Food & Drink

Get scrambling: Eggs haven’t been this cheap in over a decade

It doesn’t matter if you take your eggs scrambled, fried or in an omelet stuffed with gooey cheeses and crisp veggies, so long as you are taking advantage of the cheapest summer egg prices since 2006.

Just one stroll through the grocery store and you’ll see that the eggs are cheap – really cheap.

With prices as low as 69 cents for a dozen large eggs in Wichita, and with a nationwide average of $1.33 for a dozen of large, grade A eggs, there is financial incentive to get creative with eggs in the kitchen.

“Consumers need to boil some eggs and enjoy some good times for a while,” said Scott Beyer, poultry nutrition and management specialist for K-State extension.

It was less than two years ago when consumers were paying an average of nearly $3 a dozen, according to the Bureau of Labor Statistics, when egg prices soared due to a nationwide avian influenza outbreak that resulted in the death of more than 43 million birds.

“The consumer should now be getting their just reward for paying such high prices in years past,” Beyer said.

Why are eggs so cheap?

Because as egg producers began to replenish the supply – a little too eagerly – after the avian flu through 2016 and the first half of 2017, downward pressure was placed on egg prices, resulting in the low cost you are now seeing in the grocery store.

“It’s easy,” Beyer said, referring to the supply and demand of eggs. “Too many hens and too many eggs.

“My dad always used to say they can’t handle prosperity and like anything in ag, when prices are good (for the producer), everybody starts planting – everybody starts putting hens in cages. Next thing you know, prices skyrocket to the bottom.
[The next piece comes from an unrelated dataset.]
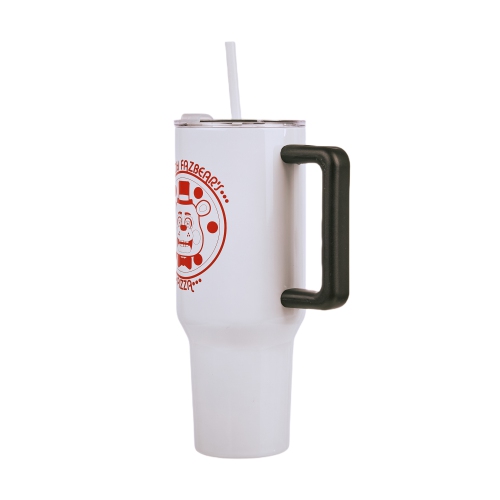 40 oz Stainless Steel Tumbler with Handle and Straw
It’s very classic.”

In addition to an avian flu recovery and more hens in the market, the push for cage-free eggs has led to an increased supply of eggs.

“It isn’t as simple as it seems where you just throw the cages out and throw the hens back in,” Beyer said.

Rather, Beyer said new state-of-the-art facilities were constructed, leaving the old, caged facilities idle. But those idle spaces did not stay quiet for long.

“If you’re sitting around and doing the numbers and you’re seeing $3-$4 dozen eggs, then you’ll find a way to use those nearly idle facilities, and you’ll put birds everywhere you can,” he said. “You’ll utilize those barns that haven’t been used for a long time.”

More hens in more spaces led to too many eggs, resulting in a cheap scrambled breakfast for consumers.

The United States Department of Agriculture said in June that it expects the total U.S. egg supply to increase 1.3 percent to 8.829 billion dozen eggs in 2017, the highest going back to 1992.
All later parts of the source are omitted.